4 Types of Rest Every Parent Needs

When I ask parents about their rest and relaxation habits, they often get a guilty look on their faces — not because they think they’re taking too much time for themselves, but because somewhere, in the back of their minds, a little voice reminds them that they’re not taking enough.

Yet, when I suggest to a new mom that she pick up a hobby that gets her out of the house for an hour every week or recommend a regular date night to tend the spousal flame, the guilt swings like a pendulum. As parents, we somehow manage to convince ourselves that taking any time for ourselves somehow deprives our children of… something. 

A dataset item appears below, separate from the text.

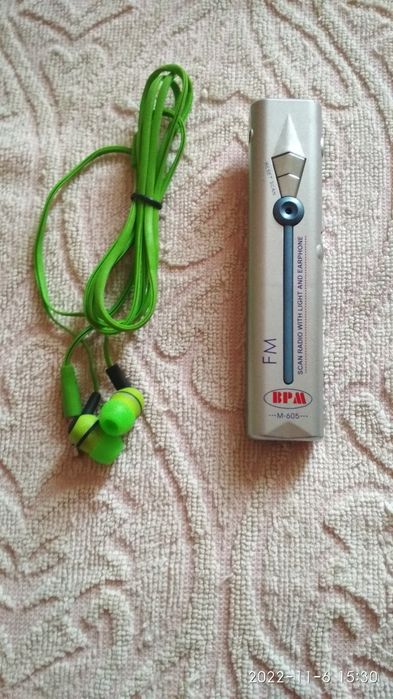 Касетный аудио плеер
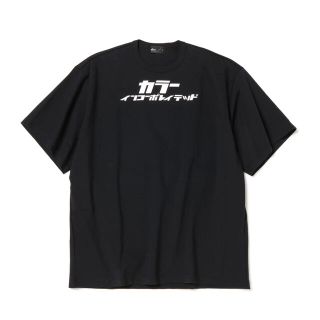 カラー(kolor)のkolor Tシャツ 21ss limited item(Tシャツ/カットソー(半袖/袖なし))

And even when we manage to get past that sense of guilt — when we’re running on empty and know we need to pull over before we fall asleep at the wheel — we face the age-old questions: But how? When? Where will I find the time? 

While writing TIME TO PARENT, I had the honor of speaking with Dr. Matthew Edlund, “the Rest Doctor” himself. His research shows that there are 4 types of active rest — that is, rest that requires you to carve out mere minutes or even seconds during the day — that will leave you feeling more alert, focused, and present, despite being short on shut eye. 

Physical Rest

A proven way to improve mental alertness, motor skills, and mood is to give your muscles and mind a chance to relax. Take a moment to just sit (or lie on the grass, or on the sofa). It’s recharging just to be still, even if you can’t sleep. 

Mental Rest

If you have been focusing on something for a long time, combat mental fatigue by shifting your focus. Whether you are overthinking a parenting problem and can’t figure out what to do, or rereading the same paragraph at work without absorbing it, give your brain a brief respite. If you are at the office, look at a sedentary living thing (plant or desk flower) or an image you like for twenty to thirty seconds. Consciously shifting your attention for a short period has been shown to improve focus and positively impact blood pressure, heart rate, and body temperature.

Social Rest 

Humans seem to have an instinct for this, knowing that human contact, even for an introvert, can be energizing. It’s why people tend to congregate at the water cooler or chat with neighbors on the front stoop. Taking a conscious break to chat for just a couple of minutes has proven to be an extremely effective shot in the arm: it can reduce stress and provide hormonal and psychological benefits.

Spiritual Rest

Brain scans have shown that people who meditate or pray are able to physically expand their brains’ frontal lobes, the section that controls concentration, attention, focus, and problem analysis. While longer chunks of meditation and prayer (twenty-plus minutes) may be more common recommendations, taking even one minute to pray, meditate, or imagine something existential — like moving through time and space — can calm and recharge.

As a parent, learning how to inject “active” rest into your schedule is a game changer. These relatively tiny rest stops won’t break your momentum — they will just make you more productive and more present in each thing you do, allowing you to bring out the best in yourself and your child.